> **What to work on**
Each entry is to be output as written, so that none is missing.

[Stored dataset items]
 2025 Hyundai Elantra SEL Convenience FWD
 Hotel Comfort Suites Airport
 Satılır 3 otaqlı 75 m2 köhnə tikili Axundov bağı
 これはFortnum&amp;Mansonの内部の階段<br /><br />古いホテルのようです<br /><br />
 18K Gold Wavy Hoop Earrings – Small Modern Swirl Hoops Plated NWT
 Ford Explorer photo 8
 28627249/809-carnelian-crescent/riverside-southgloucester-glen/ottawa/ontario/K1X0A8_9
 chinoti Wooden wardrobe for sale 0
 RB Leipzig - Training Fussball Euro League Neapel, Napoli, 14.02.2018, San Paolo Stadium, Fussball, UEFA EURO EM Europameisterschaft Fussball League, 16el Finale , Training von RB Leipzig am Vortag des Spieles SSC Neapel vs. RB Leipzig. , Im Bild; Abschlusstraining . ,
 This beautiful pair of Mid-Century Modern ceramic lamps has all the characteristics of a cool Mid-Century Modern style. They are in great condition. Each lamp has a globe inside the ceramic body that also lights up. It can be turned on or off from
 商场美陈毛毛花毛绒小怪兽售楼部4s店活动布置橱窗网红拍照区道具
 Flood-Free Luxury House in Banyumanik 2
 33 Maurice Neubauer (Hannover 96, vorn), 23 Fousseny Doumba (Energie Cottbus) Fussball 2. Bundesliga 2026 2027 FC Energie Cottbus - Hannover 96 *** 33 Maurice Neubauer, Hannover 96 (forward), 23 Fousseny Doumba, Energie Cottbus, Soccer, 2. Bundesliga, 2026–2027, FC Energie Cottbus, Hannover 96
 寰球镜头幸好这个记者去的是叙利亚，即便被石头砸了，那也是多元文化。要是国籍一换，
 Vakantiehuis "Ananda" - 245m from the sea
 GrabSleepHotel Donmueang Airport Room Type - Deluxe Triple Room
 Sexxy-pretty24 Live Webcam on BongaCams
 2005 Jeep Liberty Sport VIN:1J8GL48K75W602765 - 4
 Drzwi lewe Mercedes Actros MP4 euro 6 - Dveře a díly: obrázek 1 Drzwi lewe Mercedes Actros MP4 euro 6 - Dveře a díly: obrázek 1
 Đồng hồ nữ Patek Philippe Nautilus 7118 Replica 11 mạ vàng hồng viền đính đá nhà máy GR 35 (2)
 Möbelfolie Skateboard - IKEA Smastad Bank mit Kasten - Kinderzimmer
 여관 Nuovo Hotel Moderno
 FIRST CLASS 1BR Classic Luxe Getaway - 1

> **Exercise result**
 2025 Hyundai Elantra SEL Convenience FWD
 Hotel Comfort Suites Airport
 Satılır 3 otaqlı 75 m2 köhnə tikili Axundov bağı
 これはFortnum&amp;Mansonの内部の階段<br /><br />古いホテルのようです<br /><br />
 18K Gold Wavy Hoop Earrings – Small Modern Swirl Hoops Plated NWT
 Ford Explorer photo 8
 28627249/809-carnelian-crescent/riverside-southgloucester-glen/ottawa/ontario/K1X0A8_9
 chinoti Wooden wardrobe for sale 0
 RB Leipzig - Training Fussball Euro League Neapel, Napoli, 14.02.2018, San Paolo Stadium, Fussball, UEFA EURO EM Europameisterschaft Fussball League, 16el Finale , Training von RB Leipzig am Vortag des Spieles SSC Neapel vs. RB Leipzig. , Im Bild; Abschlusstraining . ,
 This beautiful pair of Mid-Century Modern ceramic lamps has all the characteristics of a cool Mid-Century Modern style. They are in great condition. Each lamp has a globe inside the ceramic body that also lights up. It can be turned on or off from
 商场美陈毛毛花毛绒小怪兽售楼部4s店活动布置橱窗网红拍照区道具
 Flood-Free Luxury House in Banyumanik 2
 33 Maurice Neubauer (Hannover 96, vorn), 23 Fousseny Doumba (Energie Cottbus) Fussball 2. Bundesliga 2026 2027 FC Energie Cottbus - Hannover 96 *** 33 Maurice Neubauer, Hannover 96 (forward), 23 Fousseny Doumba, Energie Cottbus, Soccer, 2. Bundesliga, 2026–2027, FC Energie Cottbus, Hannover 96
 寰球镜头幸好这个记者去的是叙利亚，即便被石头砸了，那也是多元文化。要是国籍一换，
 Vakantiehuis "Ananda" - 245m from the sea
 GrabSleepHotel Donmueang Airport Room Type - Deluxe Triple Room
 Sexxy-pretty24 Live Webcam on BongaCams
 2005 Jeep Liberty Sport VIN:1J8GL48K75W602765 - 4
 Drzwi lewe Mercedes Actros MP4 euro 6 - Dveře a díly: obrázek 1 Drzwi lewe Mercedes Actros MP4 euro 6 - Dveře a díly: obrázek 1
 Đồng hồ nữ Patek Philippe Nautilus 7118 Replica 11 mạ vàng hồng viền đính đá nhà máy GR 35 (2)
 Möbelfolie Skateboard - IKEA Smastad Bank mit Kasten - Kinderzimmer
 여관 Nuovo Hotel Moderno
 FIRST CLASS 1BR Classic Luxe Getaway - 1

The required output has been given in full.